王宮に戻ってきてからの殿下は、時折心ここに非ずと言った風に、何やら考え込むことがあった。
考え込んだかと思ったら、何故かうっすらと顔を赤らめていたりするため、最初は何か病か、熱があるのではと思い慌てたが、本人に尋ねると、大丈夫だという答えしか返ってこない。
そんな状態が続き、遂に昨晩、宴の開催となったのだが、宴を開く口実に行った競い舞で踊り子の一人の衣装が破れるというハプニングがあり、あろうことか、殿下がその踊り子に自らのマントを貸し与えたのである。

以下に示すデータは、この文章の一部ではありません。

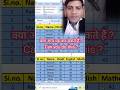Excel data ko image me convert kare | #excel #youtubeshorts #computereducation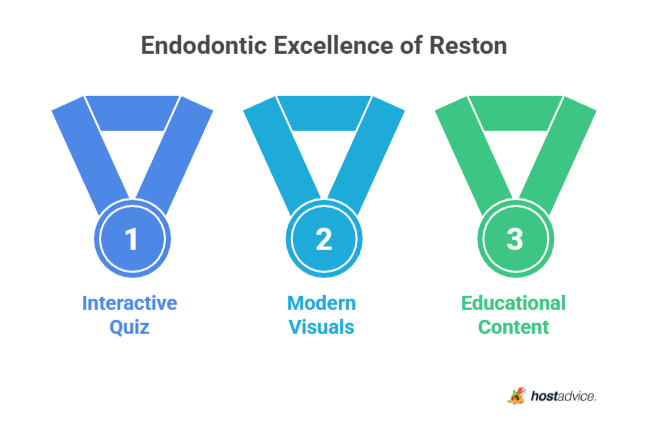 Endodontic Excellence of Reston
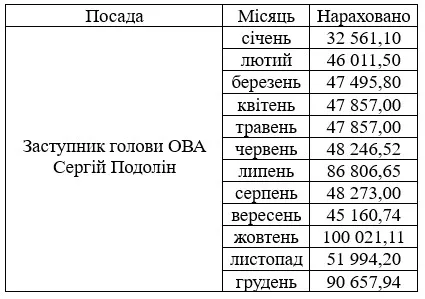Зарплата Сергія Подоліна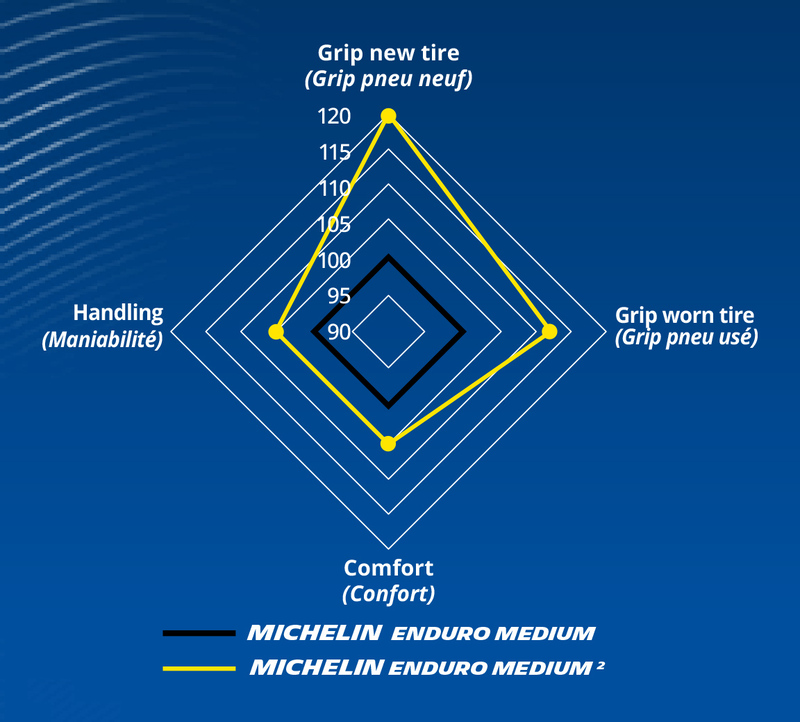 MICHELIN-Reifen ENDURO MEDIUM 2 140/80-18 M/C 70R TT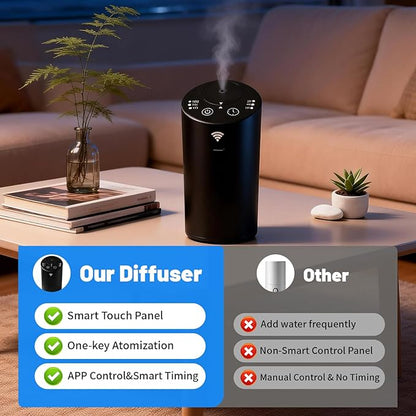 Smart AI Control Essential Oil Diffuser, Ultrasonic Aromatherapy Fragrant Oil Humidifier Vaporizer, Timer and Auto-Off Switch with Essential Oil (WiFi/Bluetooth Control)
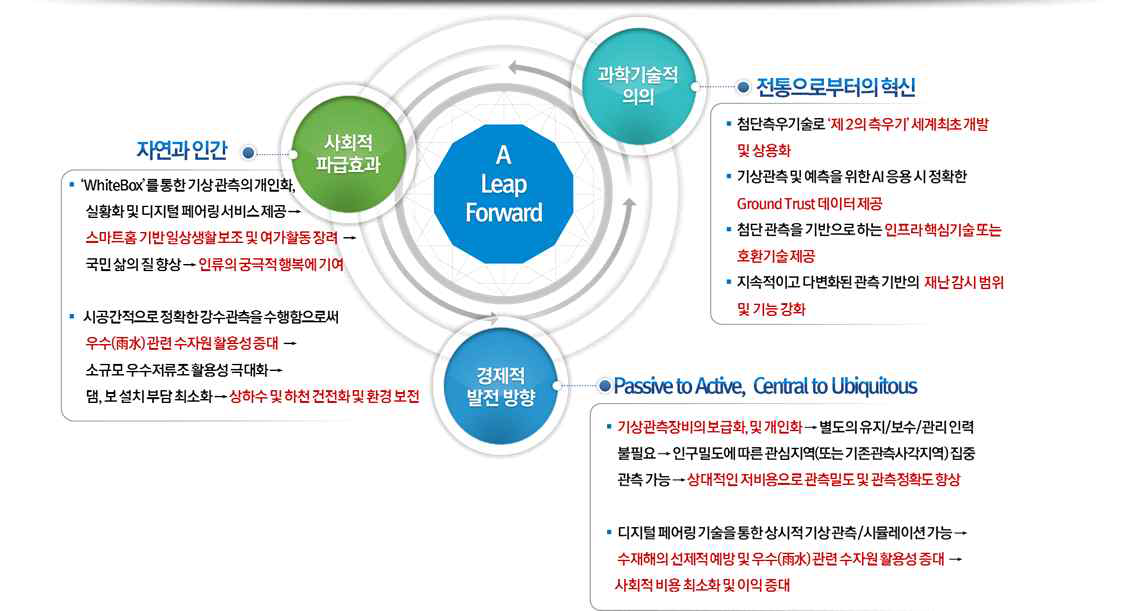 본 과제가 추구하는 궁극적 목적
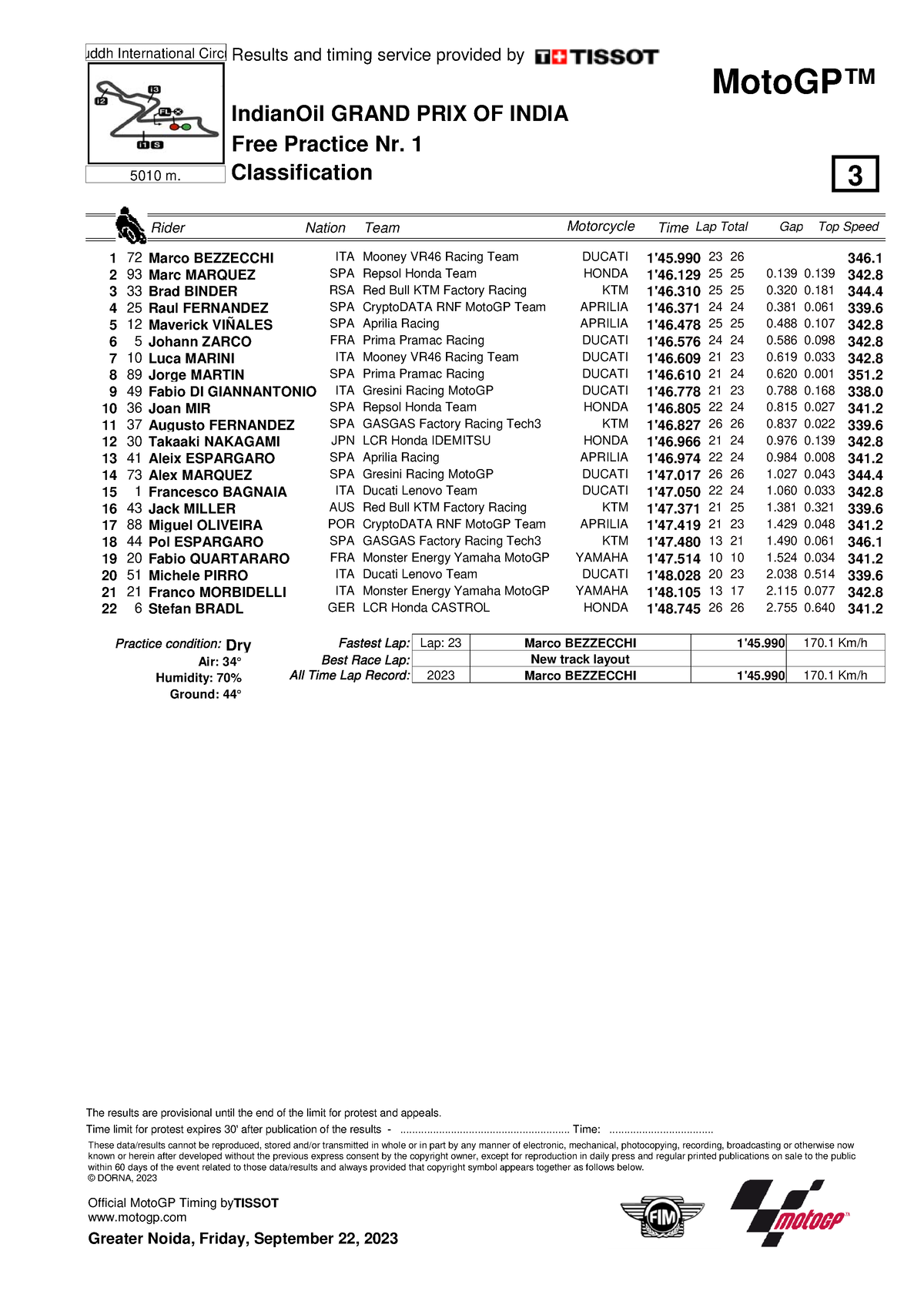 Average lap times calculation Rider Nation Team Motorcycle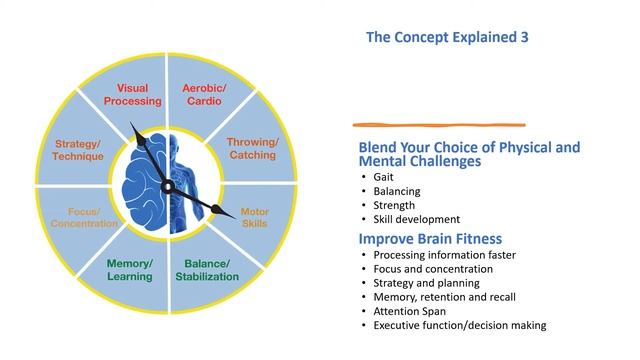 SMARTfit Dual Task Training for PT, OT, SLP for Rehab смотреть онлайн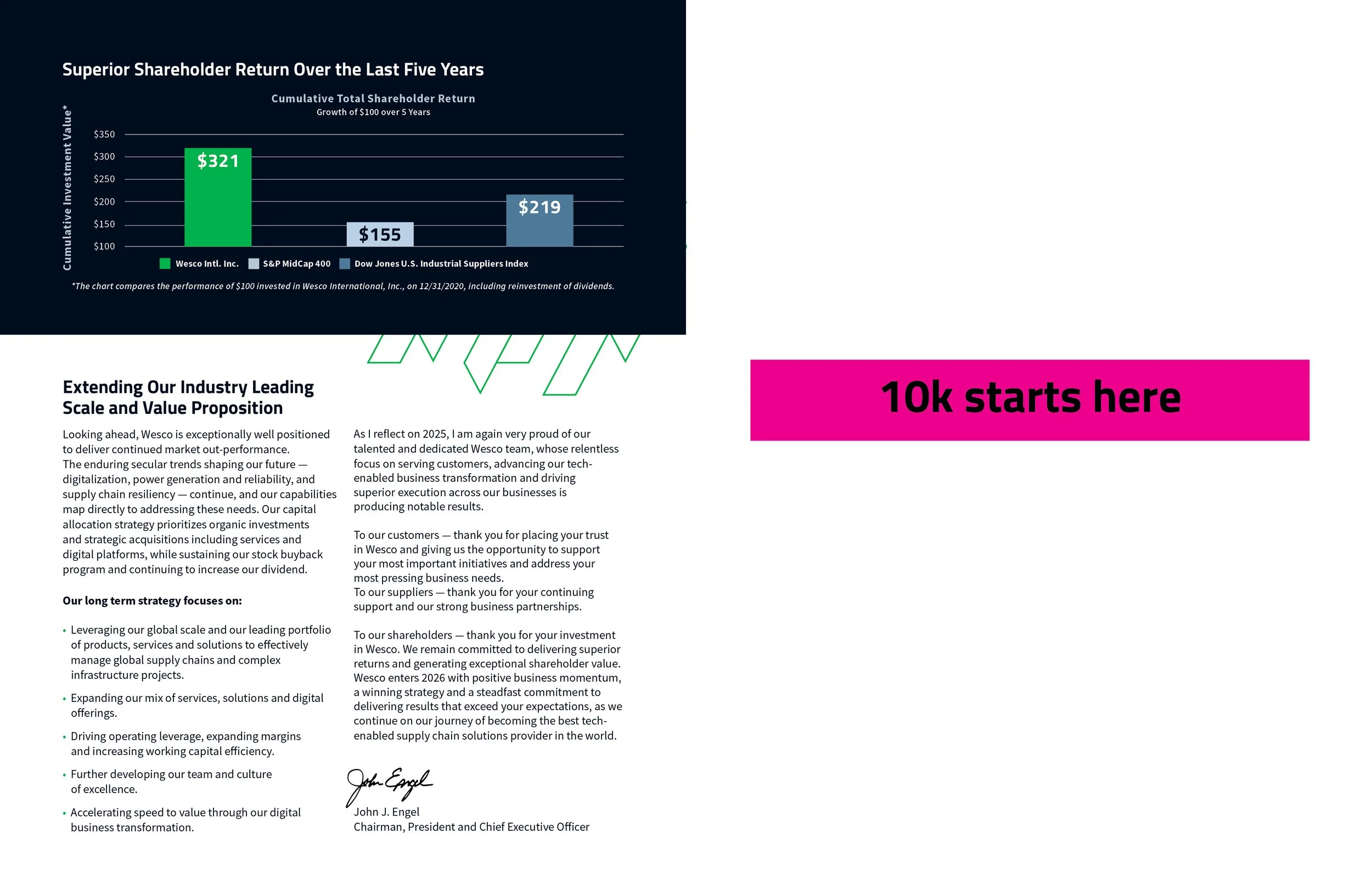 2025_Wesco Annual Report_8.5x11_v14.jpg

確かに衆目に素足を見せることが女性にとってはかなりの屈辱であることはわかるため、あの踊り子は気の毒なことだとは思うが………あの場にいた男たちの中には明らかに不快極まりない下卑た視線をしていた者もおり、さっと救いの手を差しのべた殿下の対応は、流石、鮮やかとは思うが……
あの踊り子が殿下の気遣いを好意と勘違いし、のぼせ上がらなければいいかと危惧したが、侍従を通じて丁寧な礼とともに借りたマントを返してから王宮を辞したところを見ると、いらぬ心配だったらしい。
怪我の巧妙か、殿下の振る舞いを見て、心ときめかせた令嬢も何人かいたようだ。
昔から顔も良く優秀であるのに、殿下には特に浮いた噂がなかった。
人当たりもよく、それなりに礼も尽くされるのに、これが年頃の女性相手だと無愛想この上ない方だった。
それが王宮を離れている間にそっちの方面にも開眼したのかと思ったら、とうとう宴が終了するまで、どうしても断れない相手との義理以外のダンスもせず、自ら申し込んでのダンスは皆無だった。
今は色々難しい時期であり、命の危険もあるため、特別な相手はなくていいが、ずっとああでは困るところだ。
ことが一段落したあかつきには、王妃様と相談し、それなりのご令嬢を探さなくては、宰相は頭の中のメモにそう記した。